A surprising weekend break in Wroclaw

Ever heard of Wroclaw? You will soon. It's a European Capital of Culture for 2016. My weekend break here was full of surprises.

Ever heard of Wroclaw?

You will soon. It's just won the prestigious award of European Capital of Culture for 2016.

So, what’s it like? My weekend break in Wroclaw was actually full of surprises.

Image: Wroclaw Town Hall stands at the centre of Market Square. The ornate Gothic building is one of the city's main landmarks.
Wroclaw Town Hall stands at the centre of Market Square. It's one of the city's main landmarks.

It's Poland's 4th biggest city. I expected a drab industrial cityscape. I found a romantic old town with an ornate medieval Town Hall, pastel-coloured gabled houses, a tinkling fountain and narrow cobbled streets. And a bearded lady in bright green stilettos.

She (he?) almost went flat on her face as she tripped across the cobbles. Apparently she's a bit of a local celebrity with her own You Tube channel.

And then there were the dwarves. Hundreds of the little fellas. Bronze statues at knee height playing instruments, cooking, reading and err, pole dancing. Up to mischief, they kept almost tripping me up (and no I wasn't wearing stilettoes).

Image: Wroclaw - The dwarf was a symbol of dissent in Wroclaw against the authorities in the Communist era.
The dwarf was a symbol of dissent in Wroclaw against the authorities in the Communist era. These days there are several hundred statues all across the city.

The big daddy – dwarf number one - stands on the tip of a large bronze finger outside a funky new cafe called Barbara. It's a hub for the more alternative Capital of Culture events taking place next year – micro-projects involving locals painting, photographing, dancing and more. We ate herby Polish pasta called Peirogi and sipped cappuccinos as Arleta our guide explained that the café was formerly where intellectuals and poets cooked up campaigns of dissent against the authorities when Poland was under communist control. The dwarf was a symbol of rebellion. They stencilled him on communist propaganda posters – a bit of cheeky graffiti – two fingers to the establishment.

The dwarves dotted all over town take their inspiration from this. There's even an official form you fill in to request a dwarf for your business. And an official 'dwarf lady' who creates them.

She's been busy for the 2016 celebrations. I found a whole orchestra of dwarves tooting trumpets and clashing cymbals outside the spanking new National Forum of Music. It will host jazz, classical and pop concerts in its acousticly perfect auditoria throughout next year. It’s a world class venue of which the locals are rightly proud.
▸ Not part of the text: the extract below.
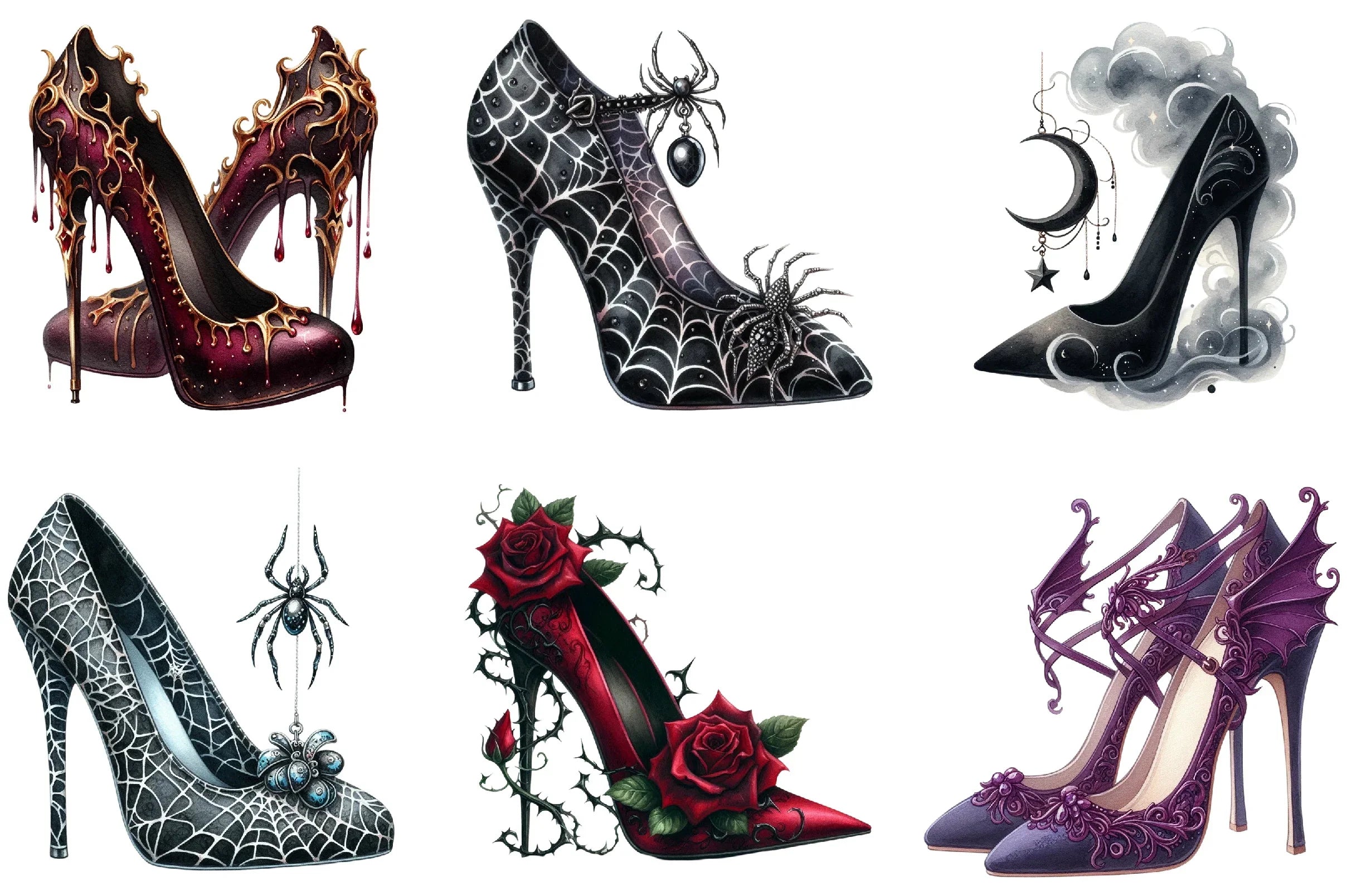 Gothic High Heel Shoes Clipart Bundle - CraftNest - Digital Crafting and Art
Another (pleasant) surprise. Poland is cheap. It's not in the Eurozone. With nearly six Polish Zloty to the pound, a pint comes in at around £1.50. The perfect place to sup local brews is Spiz, a micro-brewery in a cellar bar under the Town Hall. I sat surrounded by locals quaffing smoky dark lager served cold from shiny copper pumps in the dimly light, buzzing bar. I ate at a traditional Polish restaurant on the square, Karczma Lwowska. The food was hearty stuff – dark purple borscht soup with stuffed pasta bobbing about in it, pork steak in plum and horseradish sauce and local potato dumplings called kluski. Prefect grub for a chilly autumn eve and big portions at, err, dwarf-sized prices. The whole lot was about £12.
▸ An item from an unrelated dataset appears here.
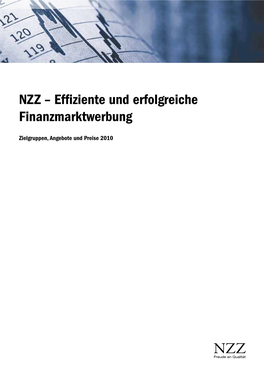 NZZ – Effiziente Und Erfolgreiche Finanzmarktwerbung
Image: Wroclaw market square at dusk
Wroclaw market square at dusk - Moody and rather magical.

Here's another one I didn't see coming. Next day we took a trip into the countryside to discover an old wooden church at Swidnica. It's a 40-minute drive or about an hour by train. Outside the church looks plain – simple wooden beams and white plaster. But inside, wow! A phantasmagorical feast of swirling cherubs, brightly painted ceilings and delicately carved columns. And - get this – all of it in wood. Not a single nail is used in its construction.

Image: Swidnica Peace Church - the interior is a feast of extravagant carvings.
Swidnica Peace Church - The interiors of these wooden churches are a feast of extravagant carvings.

And then there was the fairytale castle with a gruesome secret. Ksiaz Castle, 15 minutes' drive away, sits atop a vast lump of granite. We trooped around historic rooms with vast fireplaces and portraits of hairy aristocrats on the wall. We were lulled into a false sense of security.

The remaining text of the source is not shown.